2020, une année cruciale pour la biodiversité

24 janvier 2020

La biodiversité est en déclin. Impossible de le nier, les chiffres sont clairs et la communauté scientifique est unanime ; la biodiversité est plus que jamais menacée. En 2010, la communauté internationale s’était pourtant fixé des objectifs de protection et de conservation de la biodiversité afin de freiner la dégradation des écosystèmes.

 

La Plateforme intergouvernementale sur la biodiversité et les services écosystémiques (IPBES) a rendu public en mai dernier un document concernant le déclin de la biodiversité.

 

Ce groupe d’expert-es international- un peu l’équivalent du GIEC pour la biodiversité – y affirme qu’un million d’espèces animales et végétales sont menacées d’extinction. Du jamais vu.

Il est impératif de prendre conscience que nous sommes en train de nous nuire. Comme le clame le président de l’IPBES, Robert Watson : « Nous sommes en train d’éroder les fondements mêmes de nos économies, nos moyens de subsistance, la sécurité alimentaire, la santé et la qualité de vie dans le monde entier ».

 

Au-delà d’une prise de conscience collective, nous devons agir immédiatement contre la perte de biodiversité.
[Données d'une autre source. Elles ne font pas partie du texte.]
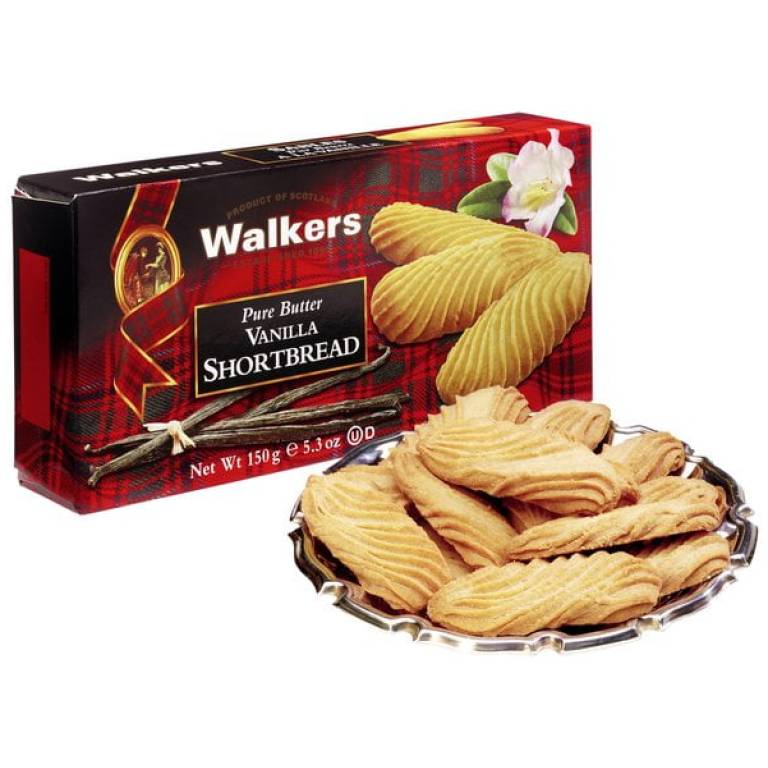 Walkers Pure Butter Shortbread 2 Finger Pack Brits R U.S.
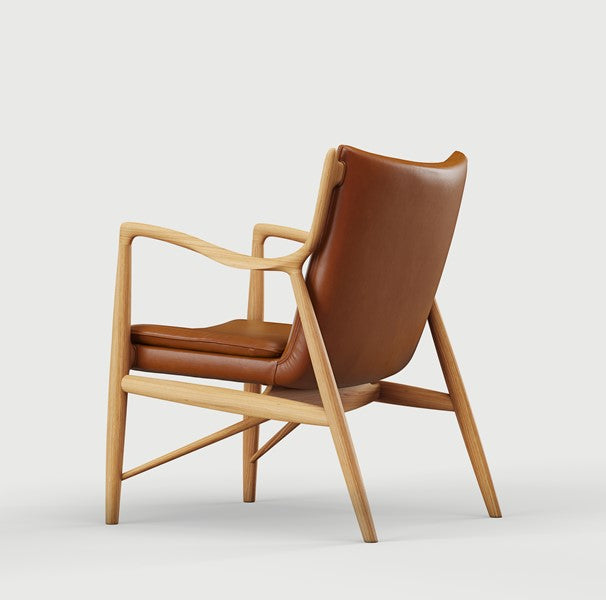 House of Finn Juhl - 45 Chair in Oak Wood - Armchair 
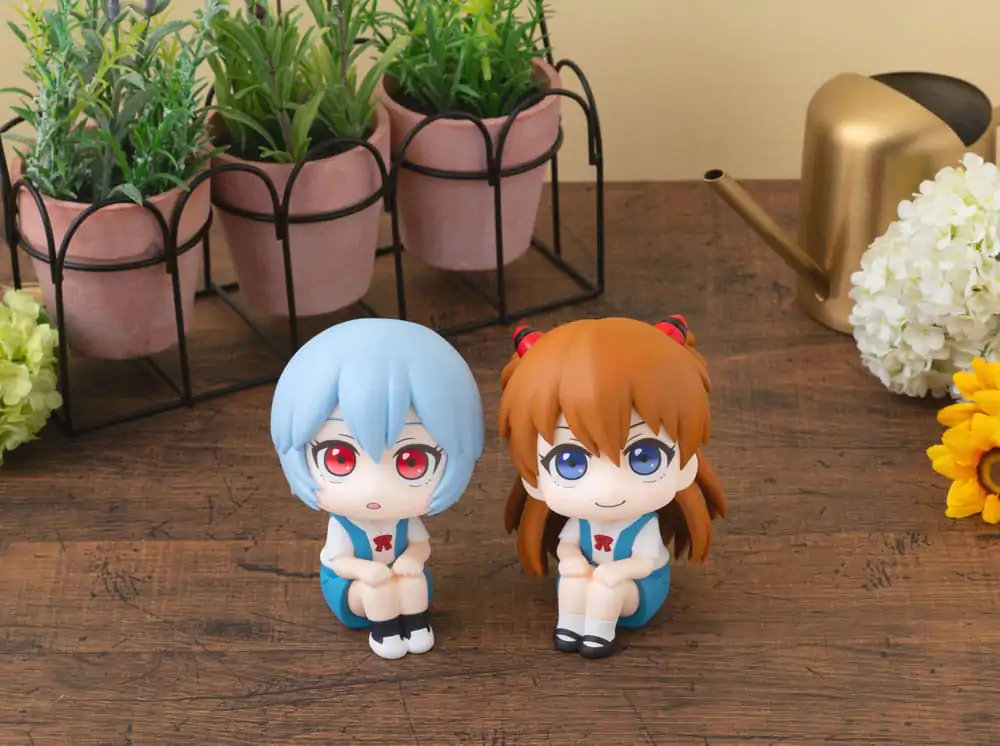 Evangelion: 3.0+1.0 Thrice Upon a Time Look Up PVC Kip Rei Ayanami 11 cm fotografija izdelka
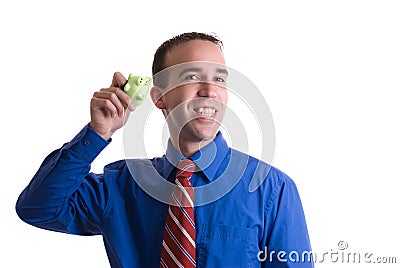 Money Talks Stock Photo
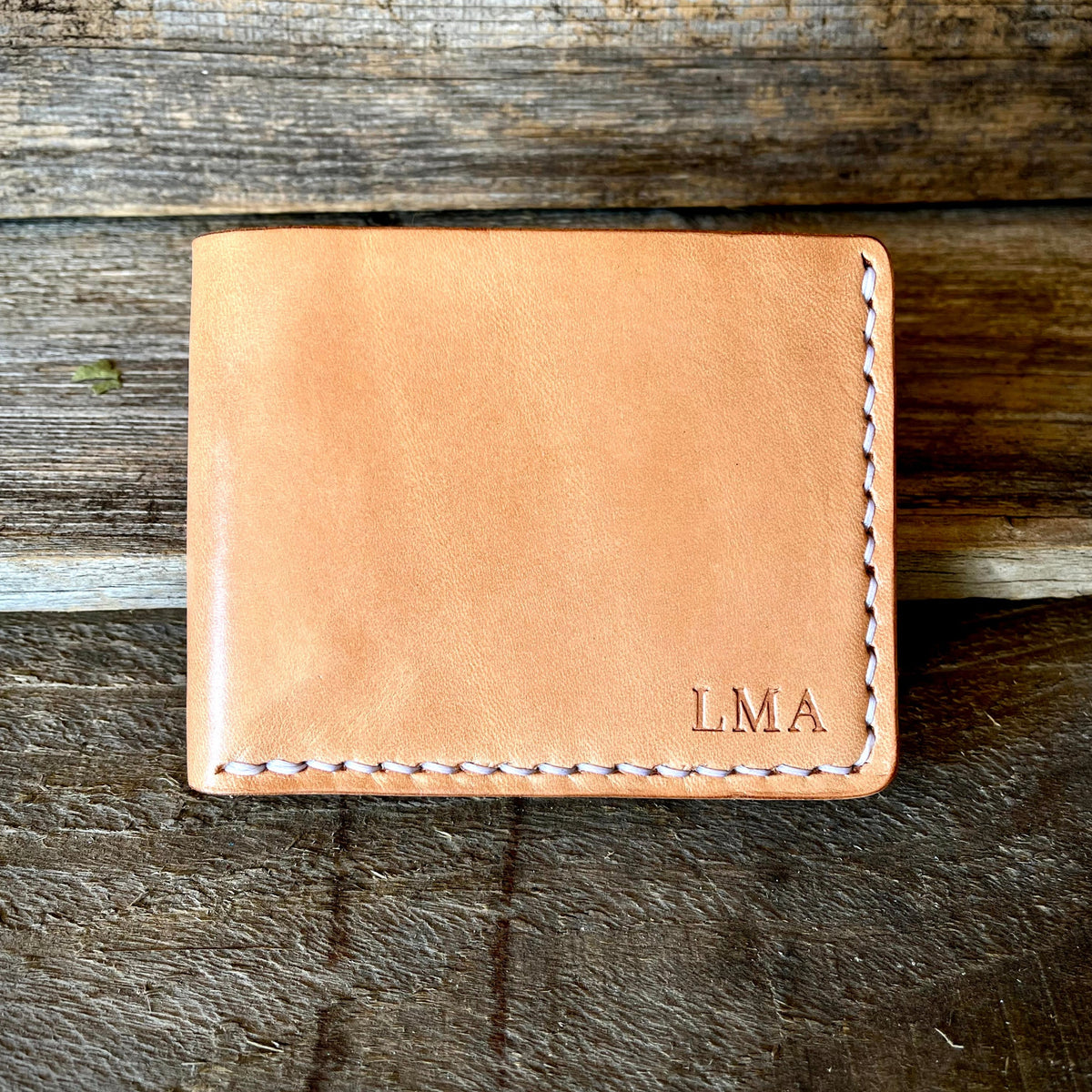 Harness Leather Bifold Wallet | Artifact | Handmade in USA Black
Lutter contre cette perte implique nécessairement de protéger les milieux naturels qui sont les habitats de nombreuses espèces, dont l’homme, ne faut-il pas l’oublier.

 

Les aires protégées, un retour dans le temps

 

Au Sommet de la Terre de Rio en 1992, l’idée selon laquelle l’humain et la nature sont intrinsèquement liés fait son chemin.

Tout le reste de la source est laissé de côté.